Replay manifests

`halo-forge replay <run_dir>` regenerates the exact launch command for a captured run, optionally relaunching it. Every shipped trainer writes a `replay.json` manifest next to the `training_summary.json`, capturing every input that influenced the run.

halo-forge replay <run_dir> regenerates the exact launch command for a captured run, optionally relaunching it.
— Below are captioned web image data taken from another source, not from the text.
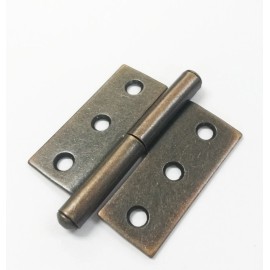 FixtureDisplays 2PK Antique Copper Closet Hinge Wood Gift Box Cabinet Drawer Hinge Door Hinge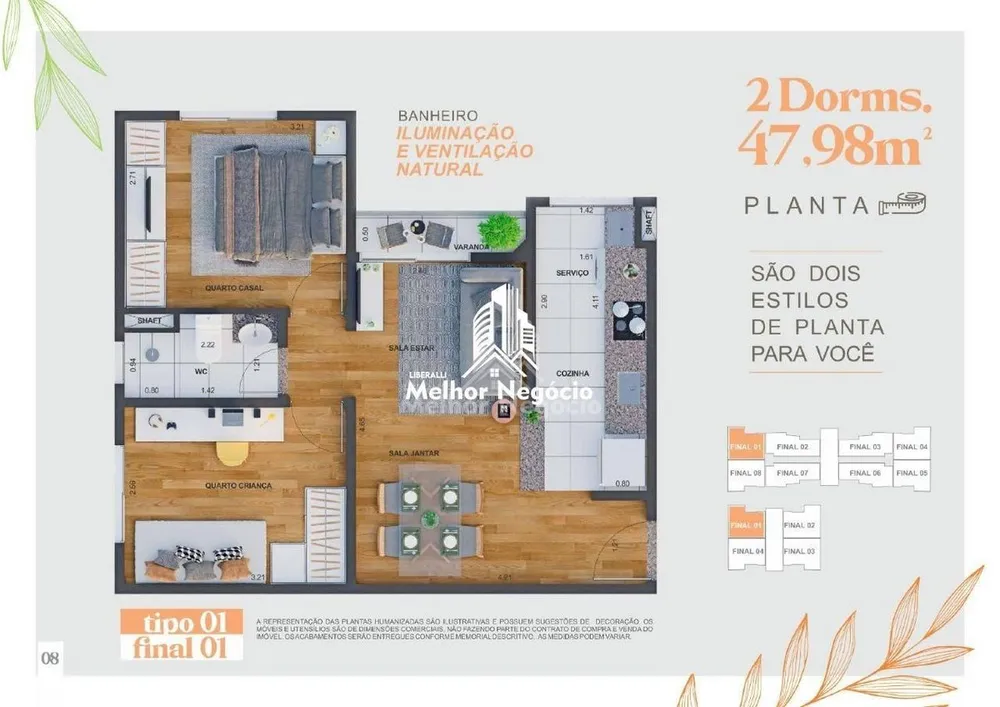 Apartamento, 2 quartos, 48 m² - Foto 6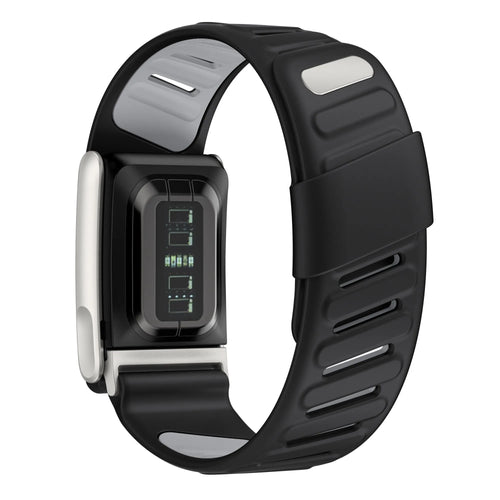Correa deportiva compatible con Whoop MG (negro/gris)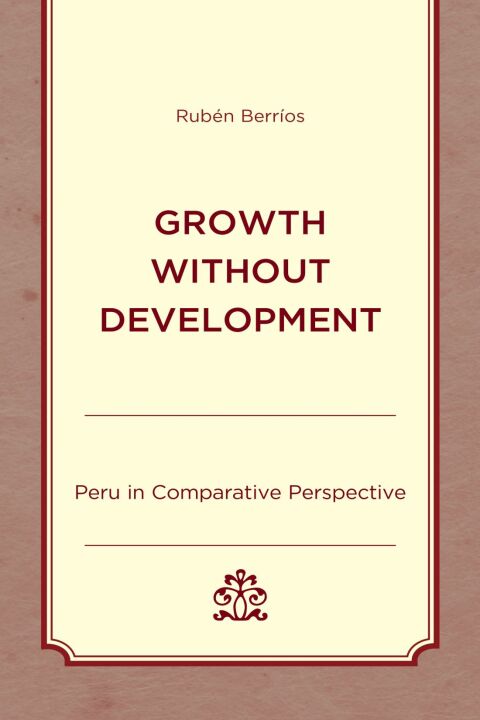Cover image for book Growth without Development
Every shipped trainer writes a replay.json manifest next to the training_summary.json, capturing every input that influenced the run.

halo-forge replay ./models/dpo
# Reproducible launch command:
#   halo-forge dpo train --model Qwen/Qwen2.5-3B --dataset ultrafeedback ...

halo-forge replay ./models/dpo --launch         # relaunch in a subprocess
halo-forge replay ./models/dpo --launch --force # relaunch even on env drift

What the manifest captures

{
  "manifest_version": 1,
  "run_id": "dpo-1730000000000",
  "modality": "dpo",
  "timestamp": "2026-05-07T11:42:00+0000",
  "model_name": "Qwen/Qwen2.5-3B-Instruct",
  "seed": 42,
  "pythonhashseed": "42",
  "config": { /* full DPOConfig as dict */ },
  "dataset": {
    "kind": "huggingface",
    "id": "HuggingFaceH4/ultrafeedback_binarized",
    "revision": null
  },
  "environment": {
    "python": "3.13.12",
    "platform": "Darwin arm64",
    "backend": "mlx",
    "packages": {
      "halo_forge": "1.4.0",
      "torch": "2.5.0",
      "mlx": "0.31.2",
      "mlx_lm": "0.31.3",
      "transformers": "4.49.0",
      "peft": "0.14.0",
      "trl": "0.29.1",
      ...
    }
  },
  "cli_args": ["dpo", "train", "--model", "Qwen/Qwen2.5-3B-Instruct", ...]
}

Captured

Run identity: run_id, modality, timestamp, model_name.
Seed bundle: training seed + PYTHONHASHSEED + accelerator seed. Re-applied at replay time via set_global_seed.
Dataset identity:
- Local files → SHA-256 + size, streamed so multi-GB JSONLs don’t OOM.
- HuggingFace → id + revision, so a renamed/updated dataset is detected.
Full config snapshot (dataclass → dict).
Environment fingerprint: Python version, platform, active backend, and pinned versions of halo_forge, torch, mlx, mlx_lm, transformers, peft, trl, accelerate, datasets, bitsandbytes, vllm, numpy.
Literal argv that produced the run.

Deliberately not captured

Wall-clock timing (non-deterministic across hosts).
GPU compute precision (handled by torch.use_deterministic_algorithms at replay time).
Full dataset contents — we hash instead. A divergent dataset surfaces as a hash mismatch at replay.

Environment diff

halo-forge replay <run_dir> automatically diffs the captured environment fingerprint against the active host. Sample output:

Environment differs from the captured run:
            python: '3.13.12' -> '3.12.5'
          platform: 'Darwin arm64' -> 'Linux x86_64'
           backend: 'mlx' -> 'cuda'
     packages.torch: '2.5.0' -> '2.4.0'
       packages.trl: '0.29.1' -> '0.31.0'

Drift doesn’t refuse the replay (sometimes re-running on a different host is the point — comparing reproducibility across MLX vs CUDA, or validating that a torch upgrade didn’t change behavior). It does loud-warn so you have the information to interpret divergence.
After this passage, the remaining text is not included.